ACC Championship: Seminoles vs. Yellow Jackets
This won’t do Florida State any favors in the eyes of anybody looking to rank them higher in the college playoff picture. They may have won the game, but they made very hard work of it and relied far more on a couple of major Georgia Tech miscues at key times late in the game to get it done.
In the end though they held on for a victory that keeps their perfect season alive and brings home some silverware. Now for the serious matter of the playoff.
Before that however, let’s take a look at the standouts from this game.
Florida State Seminoles – Performances of Note
Jameis Winston, QB: +0.6
Breakdown: As seems to be the trend in college this season, when the top quarterbacks put up impressive looking numbers, they are often bailed out by some disastrous coverage. Winston was fine in this game, but had virtually no pressure to deal with (four snaps) and had a couple of total coverage busts to take advantage of.
Signature Play: Q2. 5:48. This looks great on the stat sheet, but about all Winston needed to do was see the guy with nobody covering him after his cover-man fell over trying to track his release. Routine touchdown.
Cameron Erving, C: +5.9
Breakdown: The left tackle for FSU for most of the season, Erving has been asked to play center the past few games, and he responded in this one with a dominant performance against the undersized Georgia Tech defensive line. Erving was a monster in the run game all day, manhandling defenders and giving FSU major running lanes to work with.
Signature Stat: The Seminoles averaged 5.7 yards per carry running either side of center.
Rashad Greene, WR: +2.2
Breakdown: If there was a player that really stood out on the FSU offense when it came to the passing game it was Greene, though TE Nick O’Leary had a fine game also. Greene made a series of big plays in the game and was the main threat, notching the most targets, receptions, yards and touchdowns on the team.
Signature Stat: Gained 65 of his 123 receiving yards after the catch.

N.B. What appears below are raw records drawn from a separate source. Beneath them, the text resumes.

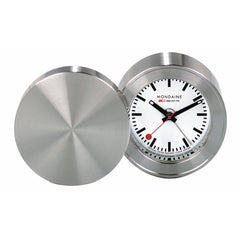 Table and Alarm clock Silver Coloured, 5 cm MSM.64410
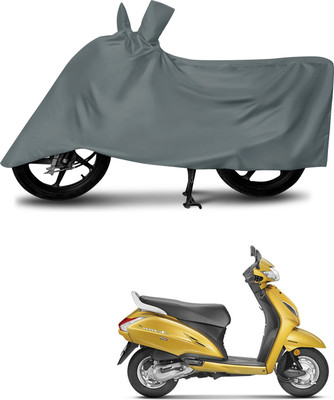 MMSSTAR Waterproof Two Wheeler Cover for Honda(Activa 5G, Grey)
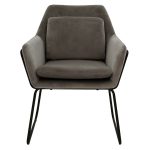 Armchair Mira  anthracite-black 65x69x86cm - Image 4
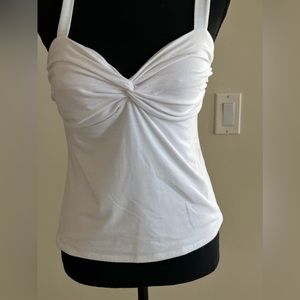 Cache top size large in white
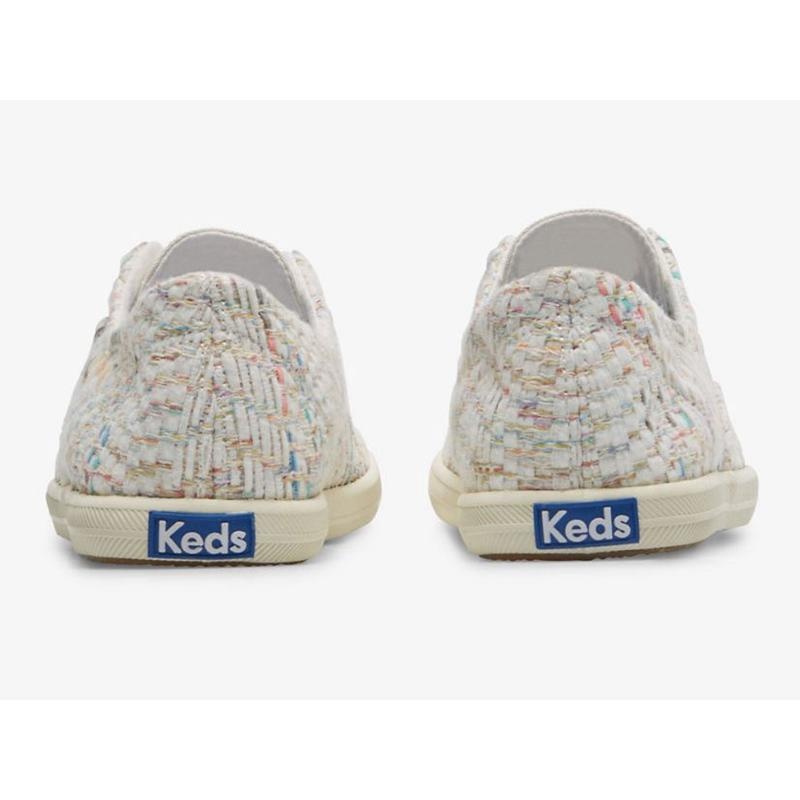 Keds Chillax Tekstiili Natural Weave Naisten Mokkasiinit Valkoinen Monivärinen | IYND85634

Georgia Tech Yellow Jackets – Performances of Note
Justin Thomas, QB: +4.1
Breakdown: Obviously, with the offense the Georgia Tech run, the majority of Thomas’ positive grade came as a runner. He made several big plays in their option attack, beating Florida State defenders who weren’t as disciplined as they could have been, cheating to try and play both parts of the option and failing to defend either. Sadly for him his deficiencies as a passer showed up late as he threw a few ugly balls at crucial times in the game.
Signature Stat: Forced five missed tackles to lead all GT rushers.
Shaquille Mason, RG: +5.0
Breakdown: Like the rest of the offense, it’s very difficult to evaluate Georgia Tech’s blocking by conventional standards. The technique in this triple option attack is so completely foreign to most other systems that it’s tough to really compare apples with apples. Nonetheless, the one player from this line that stands out more often than not to me is Mason. He fires off the line and has a powerful initial surge, often enough to gain positive yardage, but he also doesn’t get beaten from that aggressive punch as often as most of his linemates do.
Signature Stat: Mason was one of two GT offensive linemen to grade positively, and his +5.0 was far better than the next best performance, from LT Byron Chamberlain (+1.7)
The D-line: -14.2 Combined among starters
Breakdown: It would be unfair to single anybody out on this unit, but the D-line was simply outgunned in this encounter. The broadcast ran a graphic claiming the average weight of the Florida State O-line at 323lbs, 64lbs heavier than the average defensive lineman from Georgia Tech. 280lb defensive tackles and 240lb defensive ends just couldn’t stand up to the kind of grind the Seminoles put on them all game long.
Signature Stat: Florida State averaged 5.4 yards per carry on 33 attempts and their rushers only had to force four missed tackles to get that yardage. They averaged 3.3 yards per carry before any defensive contact at all.
PFF Game Ball
Guys like Greene and O’Leary had good claims to the game ball, but it would be wrong to do anything other than award it to the entire FSU offensive line, who controlled this game in the trenches, explaining to a large degree Dalvin Cook’s relatively modest grade despite his gaudy stats. They opened up huge holes all game long.